What the task requires:
Could you copy exactly the lines from the one containing "Cover page of" through the last line of the records, leaving out every picture?
(Provided data)
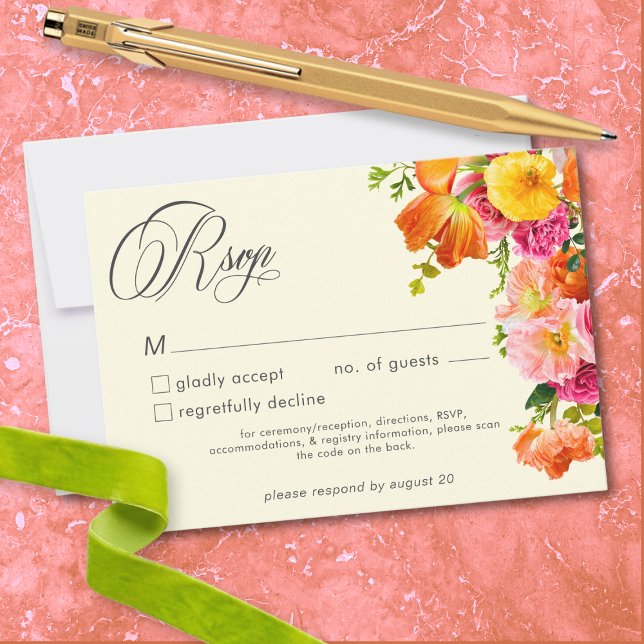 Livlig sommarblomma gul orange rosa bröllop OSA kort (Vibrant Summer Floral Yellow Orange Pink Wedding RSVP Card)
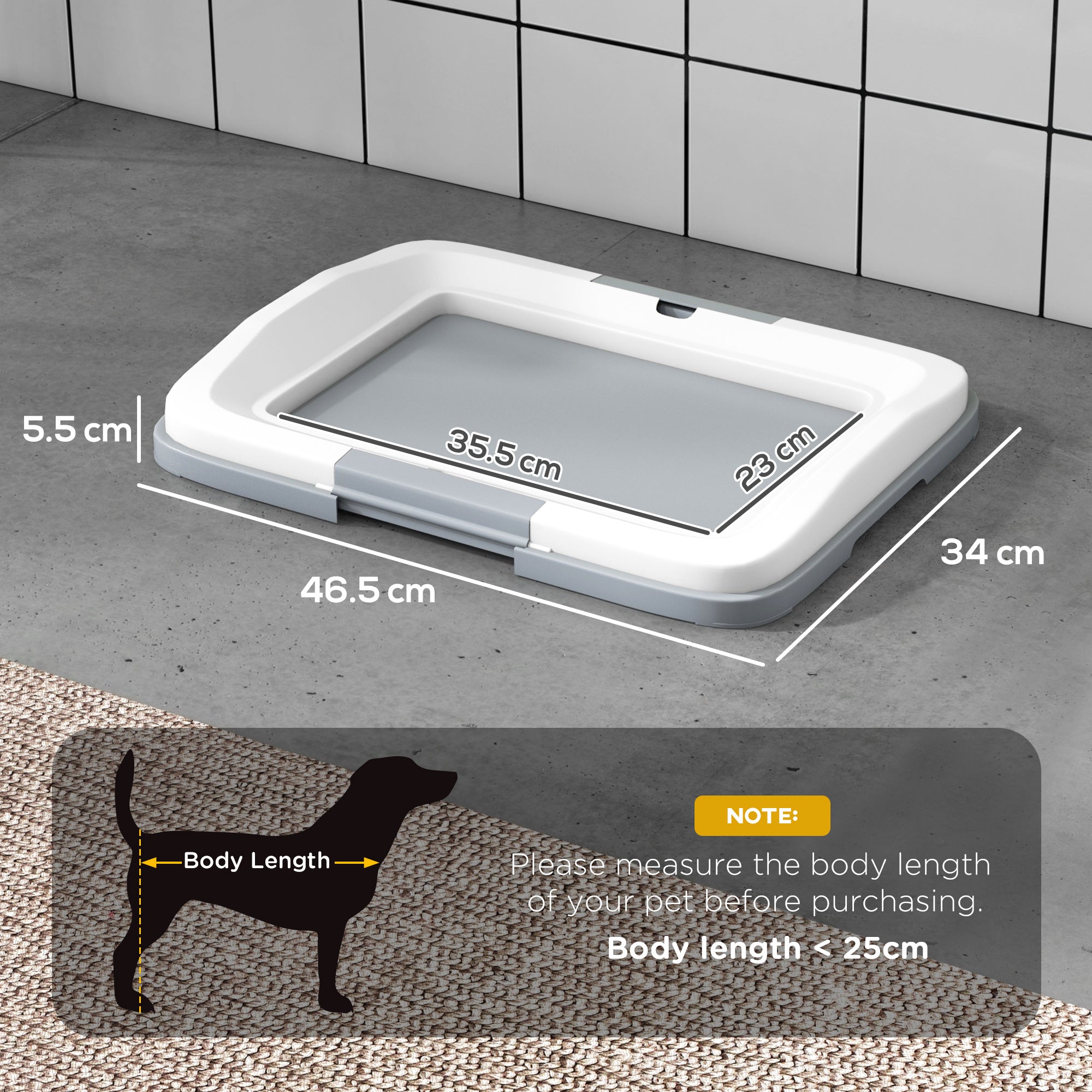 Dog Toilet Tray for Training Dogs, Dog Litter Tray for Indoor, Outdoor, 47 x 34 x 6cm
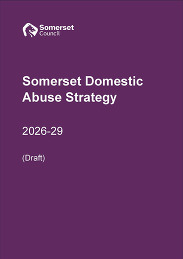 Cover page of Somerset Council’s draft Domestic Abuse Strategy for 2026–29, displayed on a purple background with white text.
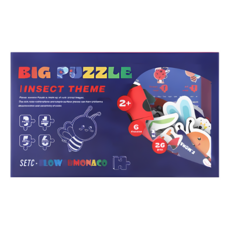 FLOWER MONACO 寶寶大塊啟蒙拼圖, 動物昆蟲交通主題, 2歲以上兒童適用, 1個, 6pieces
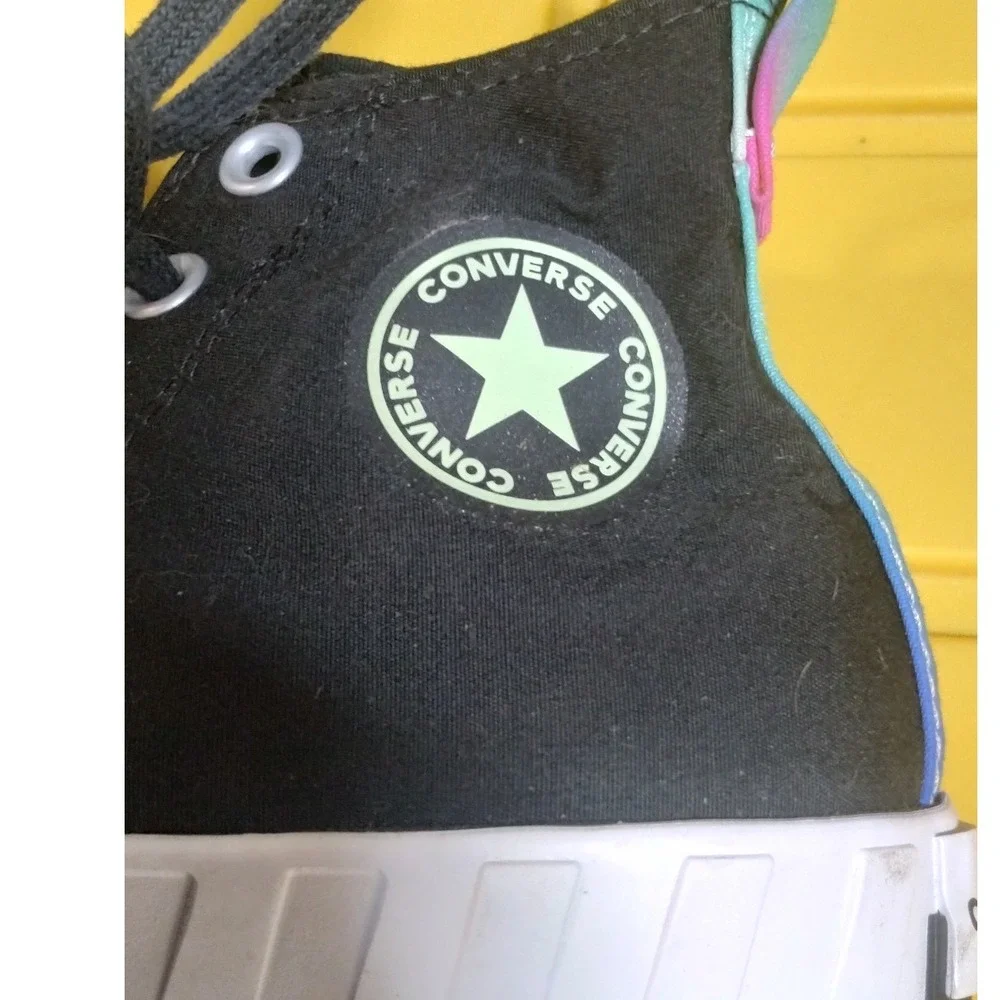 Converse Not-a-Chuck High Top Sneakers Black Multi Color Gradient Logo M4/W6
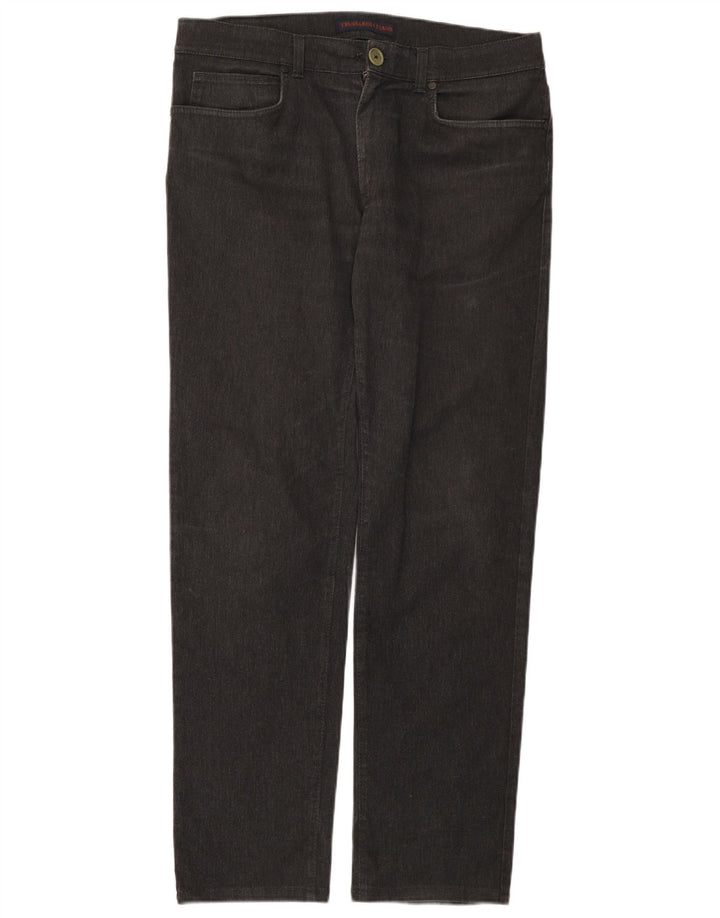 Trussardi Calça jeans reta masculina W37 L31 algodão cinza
(End Provided data)
Response area:
 Cover page of Somerset Council’s draft Domestic Abuse Strategy for 2026–29, displayed on a purple background with white text.
 FLOWER MONACO 寶寶大塊啟蒙拼圖, 動物昆蟲交通主題, 2歲以上兒童適用, 1個, 6pieces
 Converse Not-a-Chuck High Top Sneakers Black Multi Color Gradient Logo M4/W6
 Trussardi Calça jeans reta masculina W37 L31 algodão cinza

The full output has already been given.